Sorry i am new to this co2 and plants, what is a drop checker?


----------



## neven (May 15, 2010)

CO2 Drop Checker | KH Standard - 4 dKH

easiest way to explain it  You fill it with a reagent, it turns green when your co2 is optimal, yellow when its too much, stays blue if its too low. SOmeone on this site might be sellin the reagent cheap

gordon, you can try goin to a paintball shop and asking for a 88g (3oz) disposable co2 cylinder adapter


----------



## deocare (Mar 17, 2011)

but you can also buy it at any aquarium supply store correct? how much are they usually around


----------



## neven (May 15, 2010)

as for the nice glass ones im not sure where you can get them locally

You can get CO2 Indicator probably at a few places.

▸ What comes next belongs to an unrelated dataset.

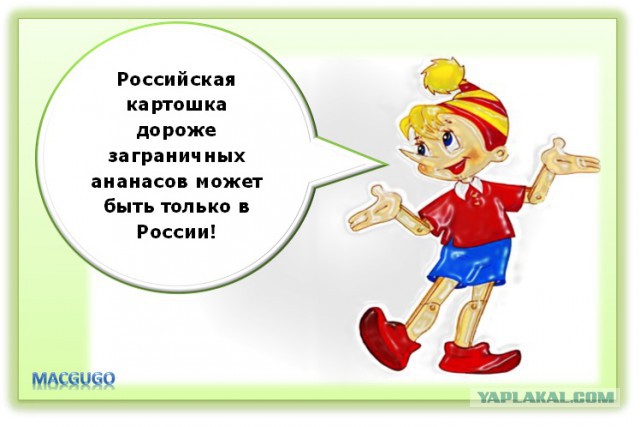 Минфин РФ о ценах на продовольствие ...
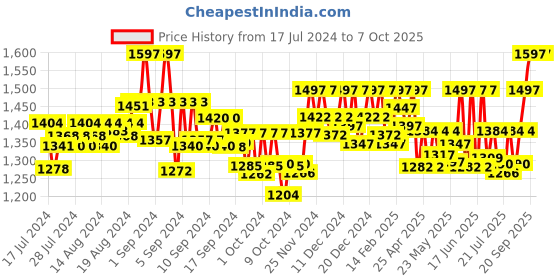 ajio.com shuz touch Slip-On Round-Toe Heeled Shoes shuz touch Price History Graph from 17 Jul 2024 to 5 Oct 2025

The one i use i bought off a member on the planted tank who makes them himself. $20 for 2 shipped and everything.


----------



## deocare (Mar 17, 2011)

alright thanks for your help nevens, I will try to figure out where to get a drop checker and indicator like you mentioned.


----------



## neven (May 15, 2010)

try phoning aquarium's west, they shouldn't be too far from you


----------



## 2wheelsx2 (Apr 21, 2010)

Pat (Mykiss) has access to drop checkers and all kinds of CO2 equipment. For a tank this size, I wouldn't even consider messing around with Paintball stuff. A 5 or better a 10 lb with a CO2 atomizer or reactor and you'll be good for 6 months at a time and you won't have to lift a finger. I am always of the opinion that CO2 should make your planted tank life easier, not generate more work. But of course YMMV and you may like doing all tweaking.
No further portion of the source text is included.